The tokens method is called on the tokenizer object to find the tokens. The

tokens = parser.parse()

Token

The Token class represents a token in the token stream.

Token.kind: str

The token name (like 'INT' and 'WS').

Token.text: str

The text captured by the regular expression (like '34' and ' \t').

Token.line: int

The Token's line number. If the token spans over multiple lines, this field contains the starting line.

Token.column: int

The Token's column number.

Token.code: str

A reference to all the code that is being tokenized.

Parsing

make_parser(grammar: str) -> type

The make_parser function creates a parser class from a grammar. For example:

ParserClass = zparse.make_parser(grammar)

Internally, this calls the make_tokenizer method. Once the parser's class is created, we instantiate that class with the code we want to parse:

parser = ParserClass(code)

ParserClass.parse(self) -> Node

The parse method is called on the parser object to find the parse tree:

parse_tree = parser.parse()

Node

The Node class describes the parse tree. Each node contains a str with the name of the rule it was created from. It also contains a list of all of its children.

Node.kind: str

The name of the rule this node was expanded from.

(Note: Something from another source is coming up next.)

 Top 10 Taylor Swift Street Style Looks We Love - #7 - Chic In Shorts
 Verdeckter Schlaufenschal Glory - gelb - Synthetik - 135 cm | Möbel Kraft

Node.children: list[Node | Token]

A list containing all of this node's terminal and nonterminal children in order.

Errors

zparse defines three errors.

GrammarError

A GrammarError is thrown when a grammar is malformed. This includes syntax errors and logical errors (like recursion in fragment definitions and rules that reference fragments).

GrammarError.msg: str

This field contains a description of the error.

GrammarError.tokens: list[Token]

This field contains a list of the offending tokens. It may be empty if there is a syntax error and tokenization fails.

TokenError

A TokenError is thrown during parsing when none of the token definitions match the input.

TokenError.msg: str

This field contains a description of the error.

ParseError

A ParseError is thrown during parsing when none of the token definitions match the input.

ParseError.msg: str

This field contains a description of the error.

ParseError.tokens: list[Token]

This field contains the offending tokens. It usually contains a single token.

Advanced Features

Advanced Tokenization

Tags are created by passing the keyword argument base: type to the make_tokenizer function. The tokenizer class it outputs will subclass this base class. The base class you input must subclass zparse.BaseTokenizer. Each tag in your grammar must be defined as a function in your base class. As an example, we can take the @ignore tag, which is already defined in zparse.BaseTokenizer. It's definition is simple:

def ignore(self, token: Token):
    return

When a token is matched in the input stream, instead of being emitted directly, it is passed through the corresponding method. In most languages, whitespace is ignored. So if we match a whitespace token, we want to throw it out. The @ignore tac accomplishes this because the ignore method takes in the token and does not emit anything.

More sophisticated tag methods are not hard to imagine. For example, tokenization of Python code requires special examination of whitespace characters because indentation matters. In this case, the @handle_whitespace tag must analyze each whitespace token and emit INDENT and DEDENT tokens as needed using yield statements.

Bibliography

Ford, B. (2002). Packrat Parsing: Simple, Powerful, Lazy, Linear Time.

Warth, A., Douglass, J., & Millstein, T. (2008). Packrat Parsers can Support Left Recursion.

Grimm, R. (2004). Practical Packrat Parsing.